Tom Holland at Wednesday's 'Spider-Man: Far From Home' premiere in Hollywood   |   Gregg DeGuire/WireImage
Tom Holland and more detail the emotional stakes to the 'Endgame' followup.

The Spider-Man: Far From Home team faced an unusual challenge.

It had to follow Avengers: Endgame, a film that has become the second-biggest movie of all time. It had to chart a course for the Marvel Cinematic Universe following the death of Iron Man (Robert Downey Jr.). And it had to do it all without the Far From Home team seeing Endgame until late in the process, due to the films coming out just months apart.

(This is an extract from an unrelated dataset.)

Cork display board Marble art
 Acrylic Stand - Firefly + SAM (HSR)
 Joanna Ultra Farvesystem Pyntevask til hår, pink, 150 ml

Screenwriters Chris McKenna and Erik Sommers were informed early on about two big revelations from Endgame: that Downey's Tony Stark would die, and that the film would take place after a five-year time jump that saw the deaths of Infinity War reversed. These were tough issues to work through, and the duo spent days debating them. For instance: If you were snapped away in a plane and are then were snapped back, would you re-appear in mid-air? What's it like if you're a teen who was snapped and suddenly your little brother is older than you?

"We had so many conversations," McKenna told The Hollywood Reporter at Wednesday's premiere at the TCL Chinese Theater. "If half of life in the universe was snapped does that include pets? E.coli?"

Spider-Man actor Tom Holland does the emotional heavy lifting in Far From Home, which sees him mourning the loss of his mentor Tony Stark after the hero sacrificed his life to defeat Thanos (Josh Brolin). 

"I was there on his last day [on Endgame]," Holland told THR. "I was there for his last shot. It was a very emotional day. He has been such a good role model to me for the last five years. … He's a dear friend of mine and he will be missed."

Not everyone on Far From Home knew the main beats of Endgame, which led to some late adjustments.

"They did show us Endgame early, but way into the process on this film," says Dan Lebental, who edited Far From Home with Leigh Folsom Boyd. "At a certain point we had our conceptions of what Endgame was, but then I saw it. 'OK. We need to make a few adjustments.'"

Boyd had assumed that everyone had died, not just Tony and Black Widow (Scarlett Johansson). 

"We did have to adjust it to feel light, and then it became, really make it the father-son connection between Tony Stark and Peter," said Lebental.

Sony, which produced Far From Home with Marvel Studios, has found big successes with its Spider-Man universe as of late. October's Venom, starring Tom Hardy, overperformed with $855 million globally, while December's animated Spider-Man: Into the Spider-Verse earned an animation Oscar. It has the spinoff Morbius, starring Jared Leto, currently shooting and out next year.

"It is certainly one of the crown jewels," Sony film chief Tom Rothman told THR. "The thing we've been excited about recently at Sony is Spider-Man has become part of a larger universe for us."

Spider-Man: Far From Home opens July 2.